» Required work
Give again exactly the lines that run from the start of the records to the line holding "Двухподвесный велосипед Giant", both ends counted. Do not include the pictures.

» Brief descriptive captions
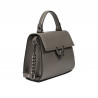 Women shoulder bag 032g 01 taupe caviar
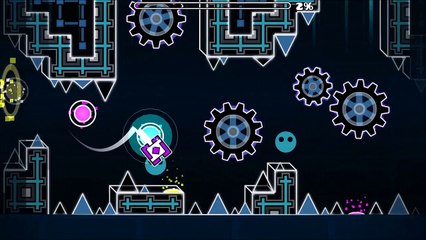 Geometry Dash - Sonic Wave Unnerfed (24%)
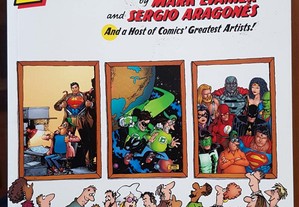 Fanboy, de Sergio Aragones, DC comics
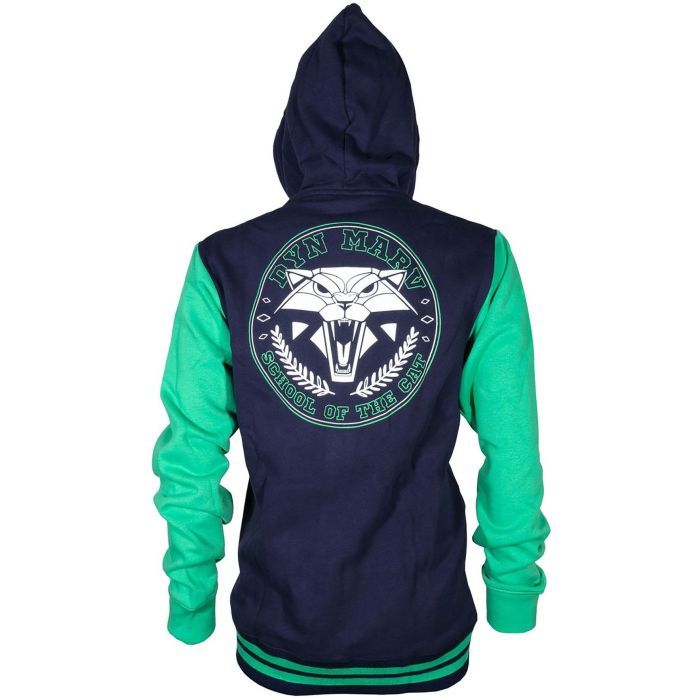 Кофта Jinx The Witcher 3 Cat School Pride Navy/Green S (JINX-11507S) изображение 2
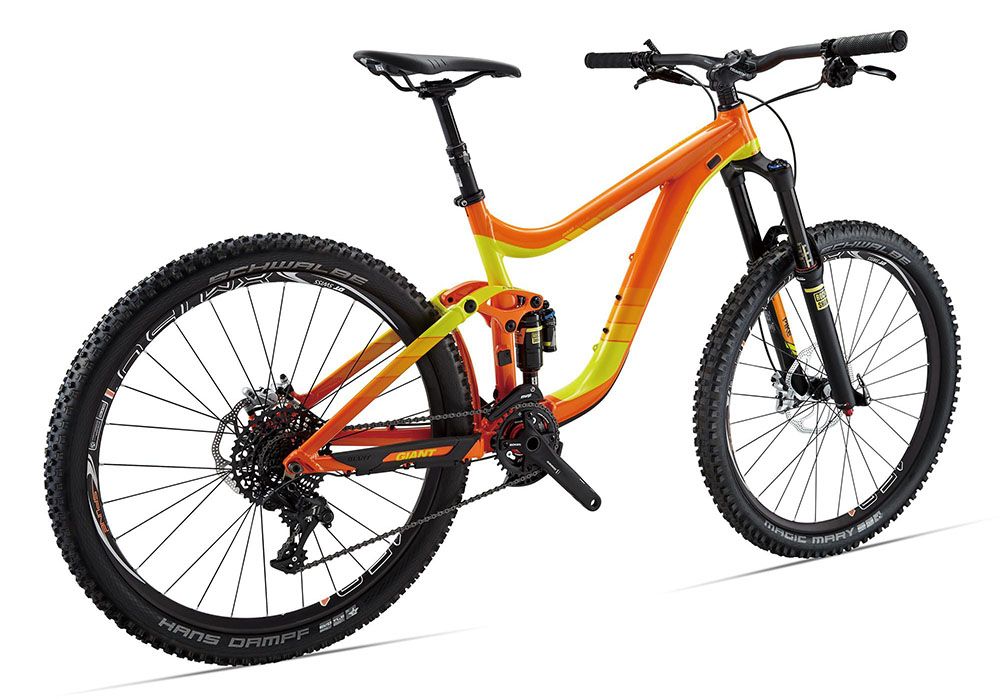 Двухподвесный велосипед Giant Reign 27.5 1 2015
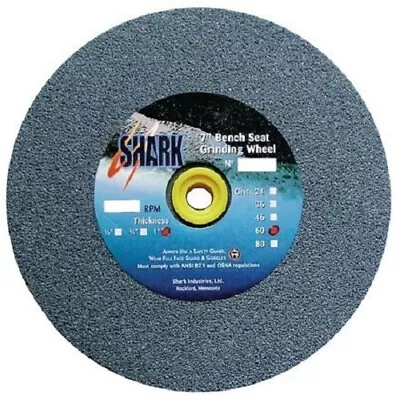 2012    6-Inch By 0.5-Inch By 1-Inch Bench Seat Grinding Wheel With Grit-36 • $56.54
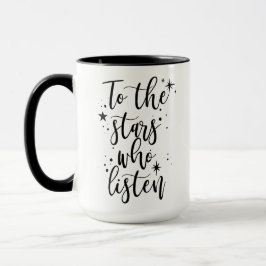 Caneca Para as Estrelas que Escutam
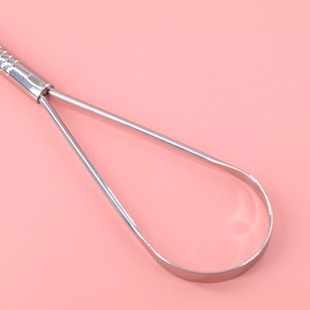 [Manufacturer Customization] Bad Breath Removal Oral Care Stainless Steel Silver High Quality Tongue Scraper
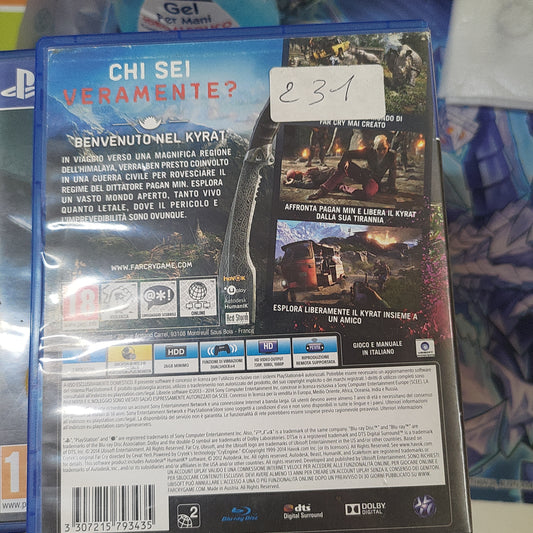 Far Cry 4 Ps4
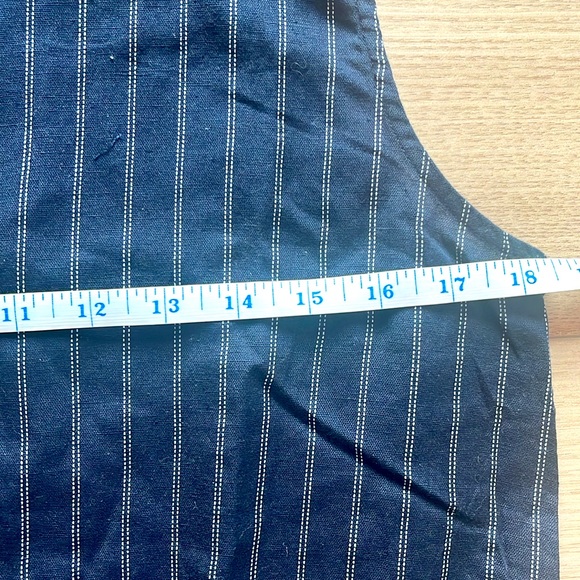 MANGO | WOMEN'S STRIPED ROMPER IN NAVY - Picture 5 of 8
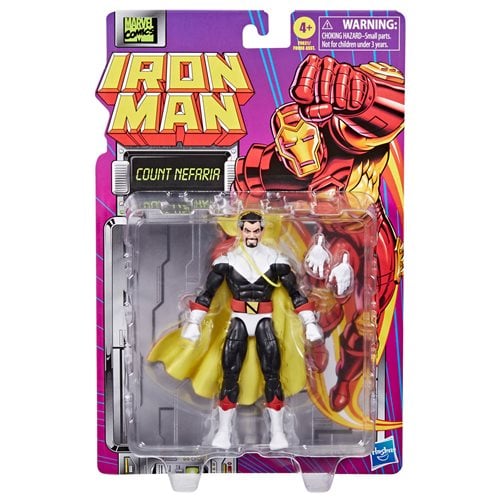 Iron Man Marvel Legends 6-Inch Action Figure - Select Figure(s) Hover Image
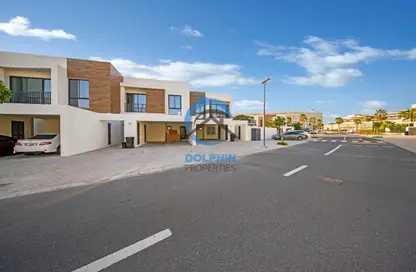 فيلا - 3 غرف نوم - 4 حمامات للايجار في فيلات ماربيلا الاولى - ماربيا - ميناء العرب - راس الخيمة - رأس الخيمة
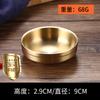 Double-layer Korea 304 Stainless Steel Bowls Rice Noodle Dishes Insulated Lunch Tableware Golden Restaurant Kitchen Supplies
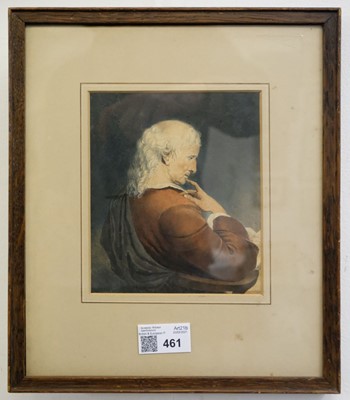Lot 461 - Harding (George Perfect, 1779/80-1853, attributed to). Christopher Nugent MD (1698-1775)
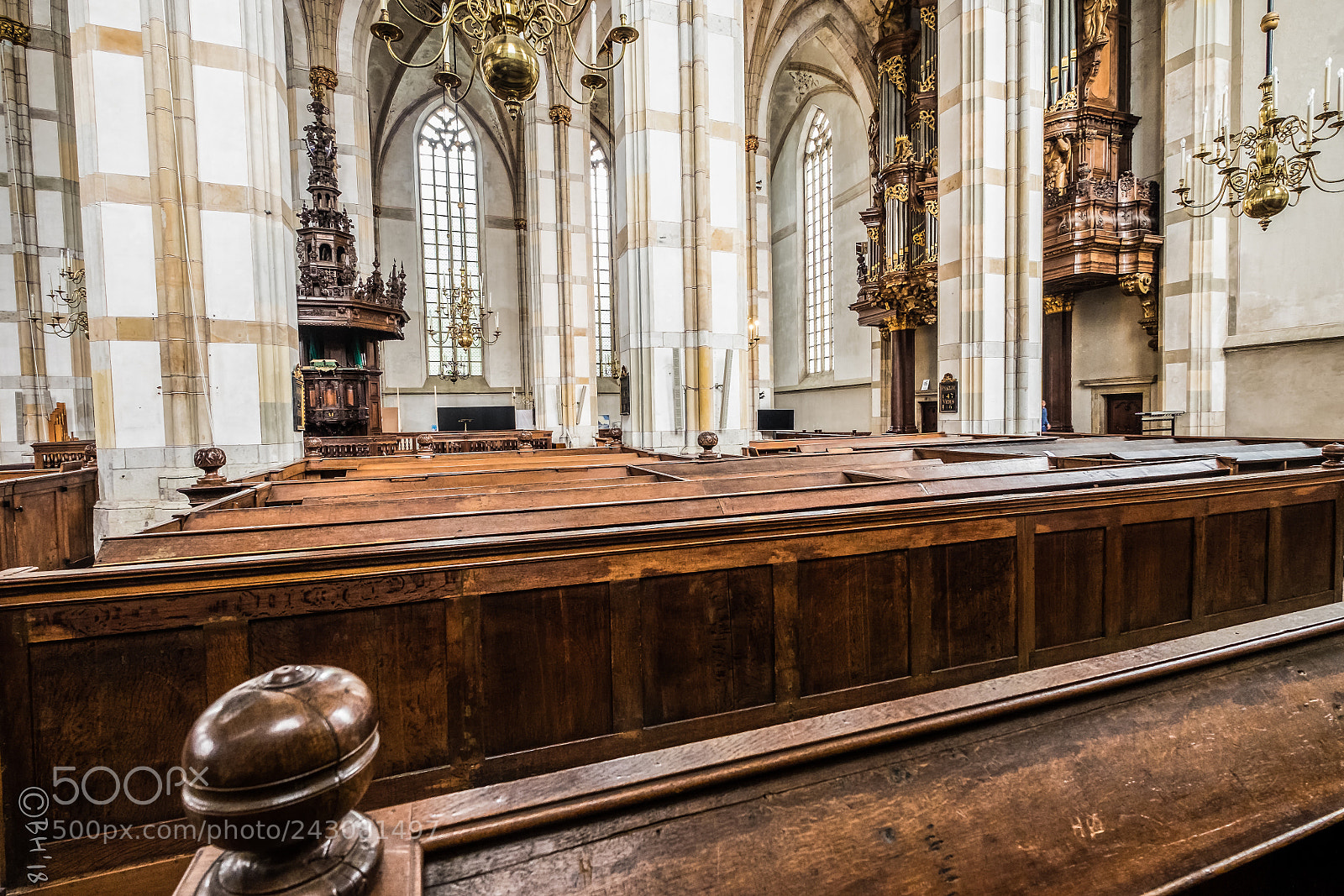 Fujifilm X-T1 sample photo. Zwolle grote kerk photography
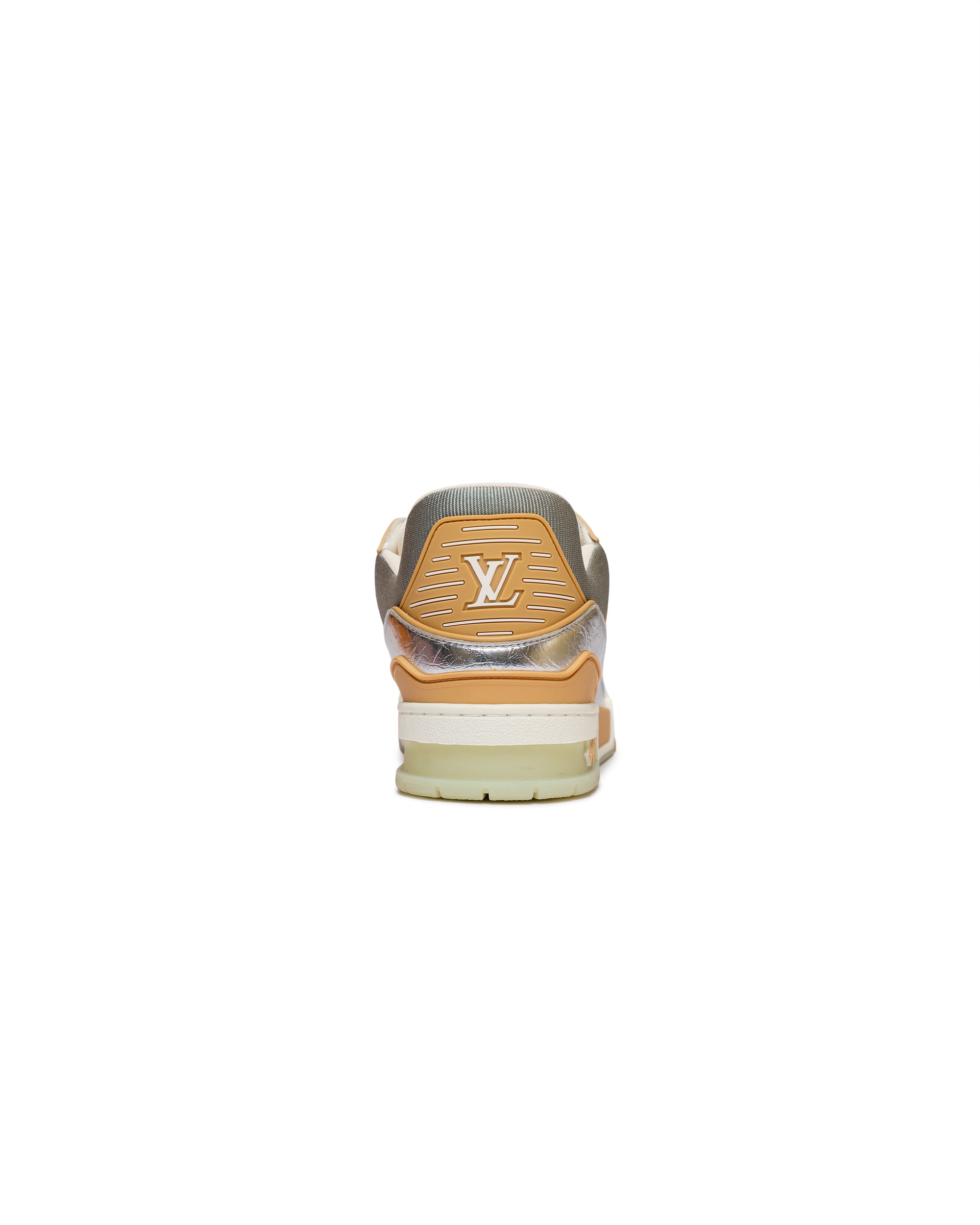 Louis Vuitton trainers reflective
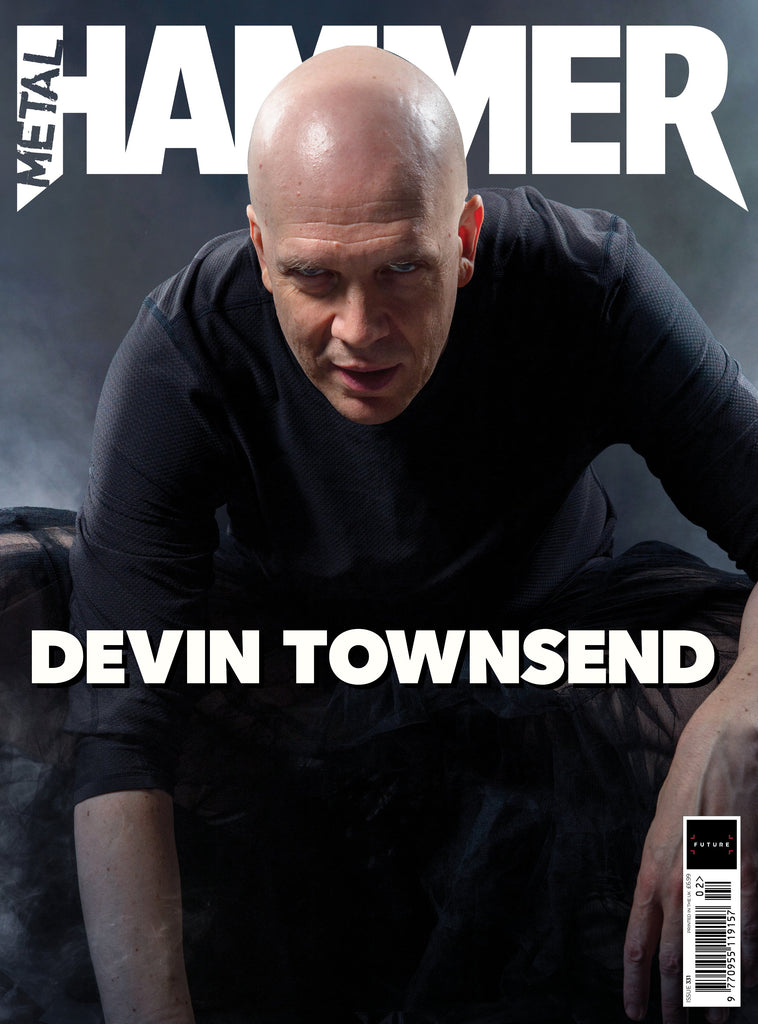 UK Metal Hammer Magazine Feb 2020: DEVIN TOWNSEND COVER FEATURE + FREE GIFTS
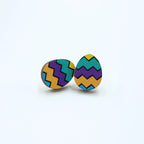 Schöne Ohrring mit einzigartigem Stil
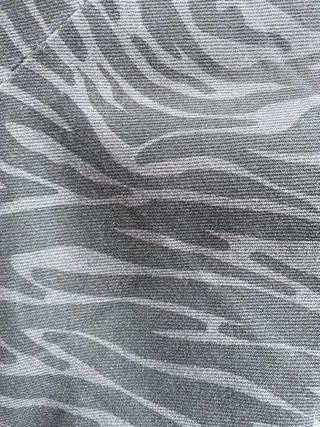 Pantalón vaquero Zara Kids estampado cebra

» Solved problem
 Women shoulder bag 032g 01 taupe caviar
 Geometry Dash - Sonic Wave Unnerfed (24%)
 Fanboy, de Sergio Aragones, DC comics
 Кофта Jinx The Witcher 3 Cat School Pride Navy/Green S (JINX-11507S) изображение 2
 Двухподвесный велосипед Giant Reign 27.5 1 2015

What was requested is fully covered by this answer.